The random forest was executed in regression mode (for a continuous outcome). The splitting rule aimed to minimize the weighted within-group variance. We built the random forest using 200 subjects and 10 predictors (6 time-dependent and 4 time-fixed predictors) with hyperparameters ntree = 200, mtry = 10 and nodesize = 1. As we can see, nodesize = 1 leads to deeper trees (the average depth by tree is 9.1) and few subjects by leaf (3 on average). We obtained 4.4 for the MSE. This quantity needs to be minimized using hyperparameters mtry and nodesize.

Predict the outcome

In regression mode, the tree-specific predictions are averaged across the trees to get an unique prediction over the random forest. predict() function provides the individual predictions. We first created the objects with the same predictors used to build the random forest. We then predicted the continuous outcome by using the data.

timeData_pred <- data_simu2[,c("id","time",
                               paste0("marker",seq(6)))]
fixedData_pred <- unique(data_simu2[,c("id","cont_covar1","cont_covar2",
                                       "bin_covar1","bin_covar2")])
pred_dyn <- predict(object = res_dyn,
                    timeData = timeData_pred, 
                    fixedData = fixedData_pred,
                    idVar = "id", timeVar = "time")

predict() function provides several results for the new subjects. We can extract from its returning object the individual predictions using the following code:

head(pred_dyn$pred_indiv)

         1          2          3          4          5          6 
 5.2117462 -1.2899651  0.8591368  1.5115133  5.2957749  7.9194240 

For instance, we predicted 5.21 for subject 1, -1.29 for subject 2 and 0.86 for subject 3.

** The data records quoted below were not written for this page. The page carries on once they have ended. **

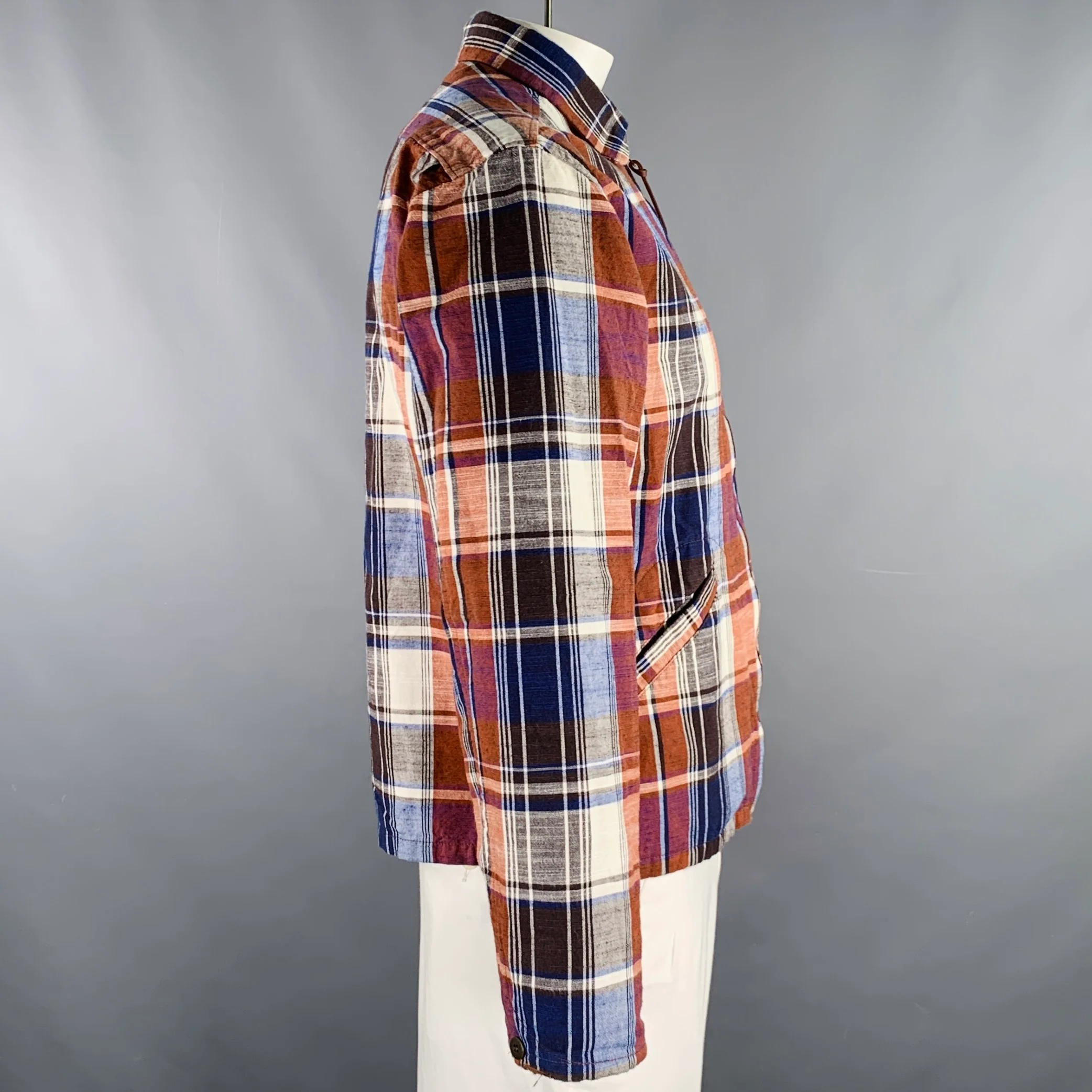 FUJITO Size XL Brown Navy Plaid Cotton Linen Zip Up Jacket - Image 2
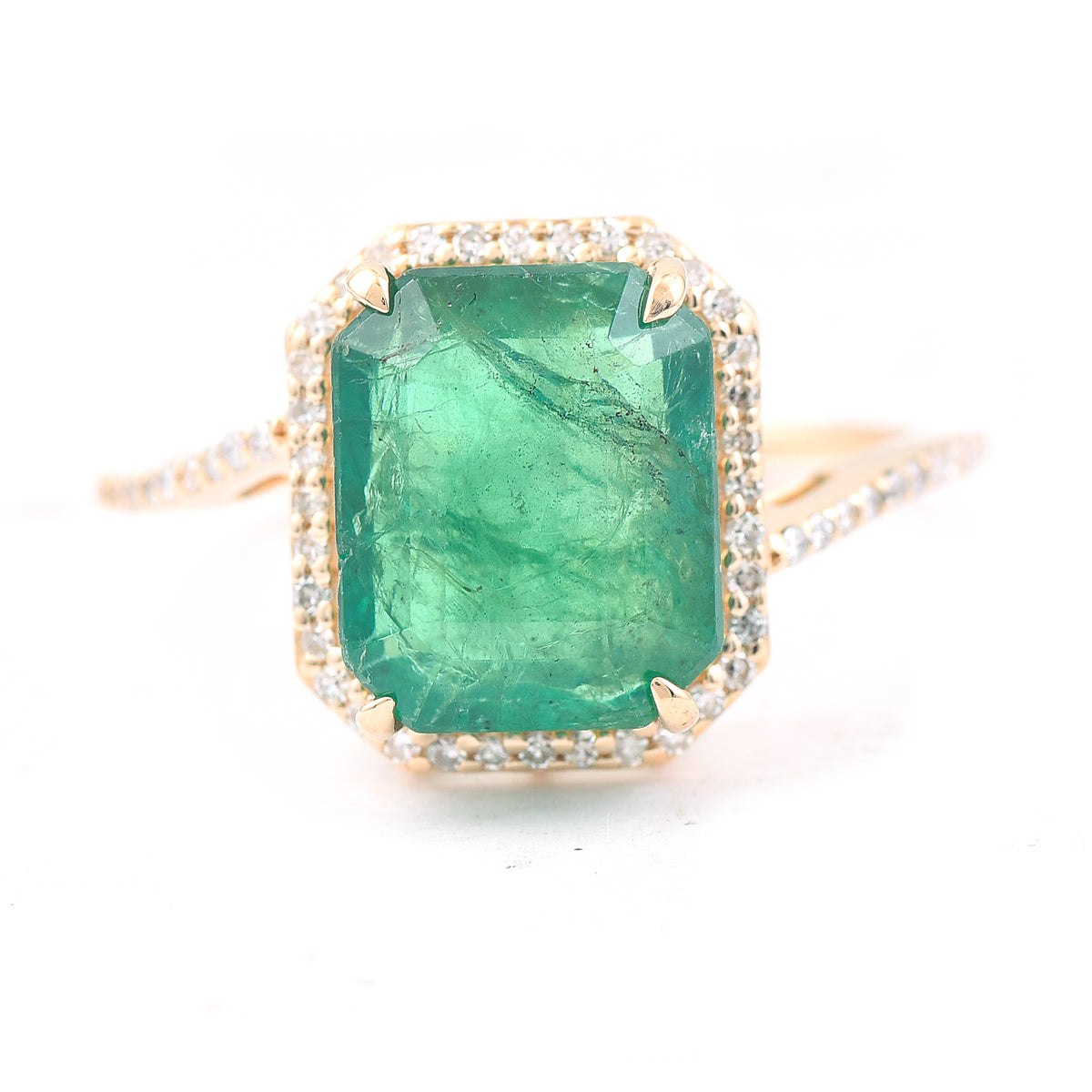 4.08 Ct Octagon Step Cut Natural Emerald 14K Gold Ring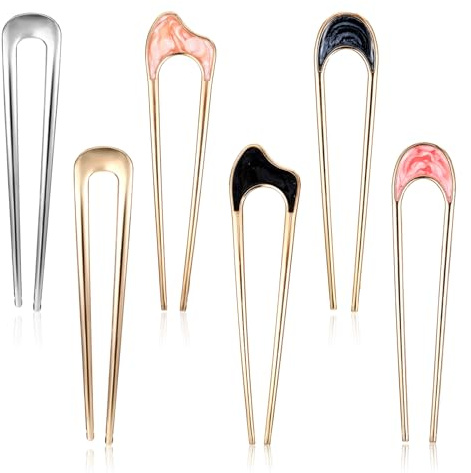 Nogeqi 6 Stück Haarnadel Metall Haarnadeln Groß, French Twist Hair Pins, Französische Haarnadel, U Förmige Hairpin Haargabel Hochsteckfrisur für Frauen Mädchen Haarschmuck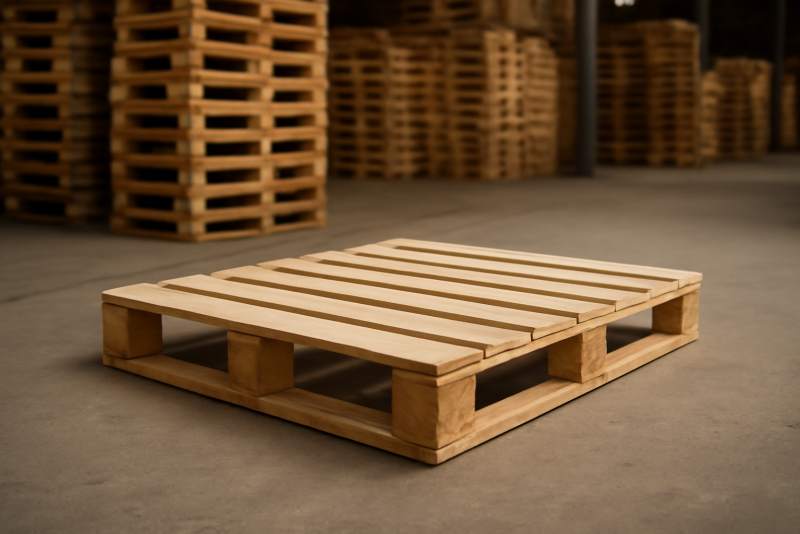palette en bois vide pose dans entrepot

Explore the most predictive variables

In this illustration, we want to evaluate if DynForest can identify the true predictors (i.e. baseline random-effect of marker1 and slope random-effect of marker2). To do this, we used the minimal depth which allows to understand the random forest at feature level.

This information about the minimal depth can be extracted using var_depth() function and can be displayed with plot() function. For the purpose of this illustration, we displayed the minimal depth in figure 1 by predictor and by feature.

depth_dyn <- var_depth(DynForest_obj = res_dyn)
plot(x = depth_dyn, plot_level = "predictor")
plot(x = depth_dyn, plot_level = "feature")
Figure 1: Average minimal depth level by predictor (A) and by feature (B).

Figure 1: Average minimal depth level by predictor (A) and by feature (B).

We observe in figure 1A that marker2 and marker1 have the lowest minimal depth, as expected. To go further, we also looked into the minimal depth computed on features. We perfectly identified the slope random-effect of marker2 (i.e. marker2.bi1) and the baseline random-effect of marker1 (i.e. marker1.bi0) as predictors in our simulation.